The used automobile market is prospering, and with the speedy evolution of expertise, we are able to leverage machine studying fashions to foretell the promoting worth of a automobile. The purpose of this venture was to construct a regression mannequin that precisely predicts automobile costs primarily based on key options like engine dimension, mileage, gasoline kind, and others.
The dataset used on this venture contained a number of columns, resembling:
- 12 months: The manufacturing yr of the automobile.
- KM Pushed: How far the automobile has been pushed.
- Gasoline Kind: Kind of gasoline used (Diesel, Petrol, CNG, and so on.).
- Vendor Kind: Whether or not the vendor is a person or a dealership.
- Transmission: Whether or not the automobile has an computerized or guide transmission.
- Seats: Variety of seats within the automobile.
- Engine Capability: The engine’s capability in cubic centimeters.
- Max Energy: The utmost energy output of the engine in horsepower.
After cleansing the information, we have been capable of transfer ahead with the modeling course of.
Earlier than constructing the mannequin, it’s essential to grasp the relationships between the options. Right here’s a heatmap that visualizes the correlation between numeric columns:
As seen above, the promoting worth has the very best correlation with the max energy output of the automobile, indicating that automobiles with increased energy are likely to have increased promoting costs.

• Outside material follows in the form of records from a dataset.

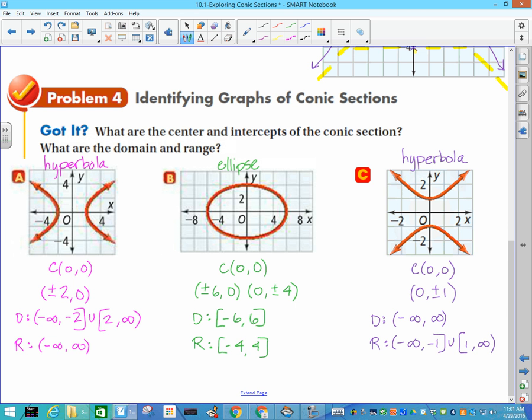That is our overview of conic sections. As I said at the beginning, we will learn more about each of these in detail as we progress through the chapter. Please let me know if you have any questions.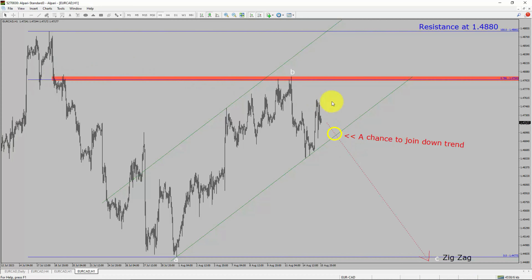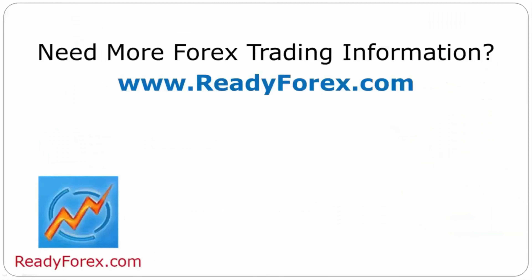Do not jump into the market with a sell trade. Wait for a bearish breakdown first. Take note: you must always trade with money management rules to control risk. If you have any questions, feel free to contact me. For more Forex trading information, visit readyforex.com.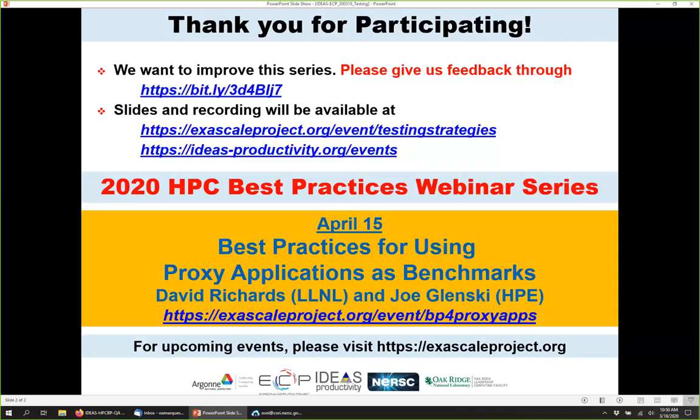Thank you very much, Balint. I'd like to thank all participants for joining us today — please give us feedback as we'd like to improve this series. Slides and recordings will be available at these two addresses sometime next week. The next webinar is April 15th, on best practices for using proxy applications as benchmarks, presented by David Richards from Lawrence Livermore and Joe Glansky from HPE.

Regardless of this, not one of the options confirmed such excessive correlation that it will warrant their exclusion.
To organize the information for machine studying, I carried out a number of transformations:
- Transformed categorical information, resembling gasoline kind and vendor kind, into numerical values.
- Scaled the options to standardize the information and enhance mannequin efficiency.
The ultimate set of options used for coaching the mannequin have been:
['year', 'km_driven', 'fuel', 'seller_type', 'transmission', 'seats',
'torque_rpm', 'mil_kmpl', 'engine_cc', 'max_power_new', 'First Owner',
'Fourth & Above Owner', 'Second Owner', 'Test Drive Car', 'Third Owner']
For this process, I selected to make use of a Random Forest Regressor, which is a sturdy machine studying algorithm that works effectively with each numerical and categorical information. Random Forests are additionally much less vulnerable to overfitting in comparison with less complicated choice tree fashions.
After coaching the mannequin, I evaluated its efficiency utilizing metrics resembling R-squared and Imply Squared Error. The mannequin carried out moderately effectively, with an R-squared rating of X.X, which signifies that it explains many of the variability within the automobile costs.
To check the mannequin, I used a brand new set of automobile information and made predictions. Right here’s an instance of a prediction for a 2017 automobile with 50,000 km pushed:
yr: 2017
km_driven: 50000
gasoline: Petrol
seller_type: Particular person
transmission: Guide
seats: 5
max_power: 120 hp
engine_capacity: 1800 cc
The anticipated promoting worth for this automobile is INR 1,259,990.
By utilizing machine studying, we are able to predict automobile promoting costs with a superb stage of accuracy. This mannequin might be deployed in dealerships or utilized by people to estimate the honest market worth of a car earlier than making a purchase order or sale.